# VBA Outlook - Wie kann ich Formulare vom VBA-Editor direkt aufrufen?



## LeaSophie (1. September 2003)

Hallo zusammen,

ich bin noch recht neu was die VBA-Programmierung angeht. Für meine Ausbildung programmiere ich zur Zeit ein Formular mit dem Editor von Outlook, da ich kein Standardformular nutzen kann. Jetzt zu meiner Frage: Wie kann ich aus einer Email heraus, vielleicht über einen Button oder ähnliches direkt auf dieses Formular zugreifen. Oder wie kann ich dieses Formular veröffentlichen?

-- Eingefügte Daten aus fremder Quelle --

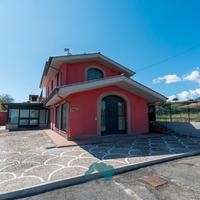 San cesareo:locale con corte e appartamento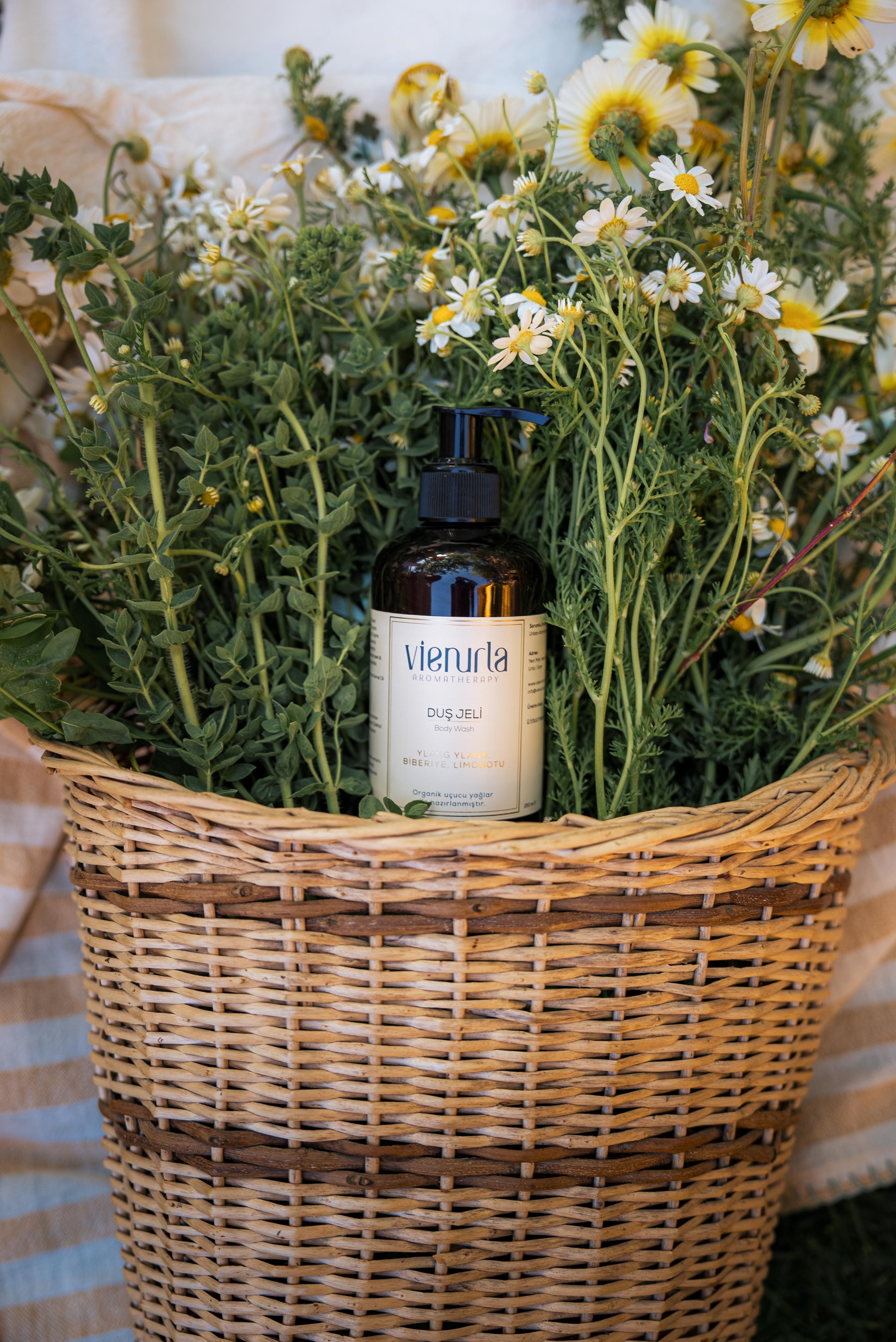 Limonotu & Ylang Ylang & Biberiye Aromaterapötik Etkili Duş Jeli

Vielen Dank im Voraus für die Hilfe

LeaSophie


----------



## Thomas Darimont (1. September 2003)

Servus!

Schau mal ob du damit was anfangen kannst ....

Neu -> 

Ansicht -> Symbolleisten ->Visual Basic -> Steuerelement Toolbox 

Jetzt setz mal einen Button auf die "Email-Form" und versuch dein Glück ...
jedoch muß man wohl bei dieser Methode zu allererst eine E-Mail Vorlage erstellen, welche dann u.a. die Formulare enthält die beim klicken des Buttons aufgerufen werden sollen ...

...Gruß Tom


----------



## LeaSophie (3. September 2003)

Tja, nur was füge ich für einen Code ein um ein Formular aufzurufen. Ich habe das bislang nur mit Excel gemacht, Outlook erkennt meinen Code Objekt.show leider nicht. 

Vielen Dank im Voraus


----------



## lices (4. November 2004)

hallo leasophie,

Hast du eine Lösung für dein problem gefunden, wenn ja es wäre super wenn du mir den code zeigen würdest. was vba-programmierung angeht bin ich auch ganz neu und brache dringend eine lösung.

danke


----------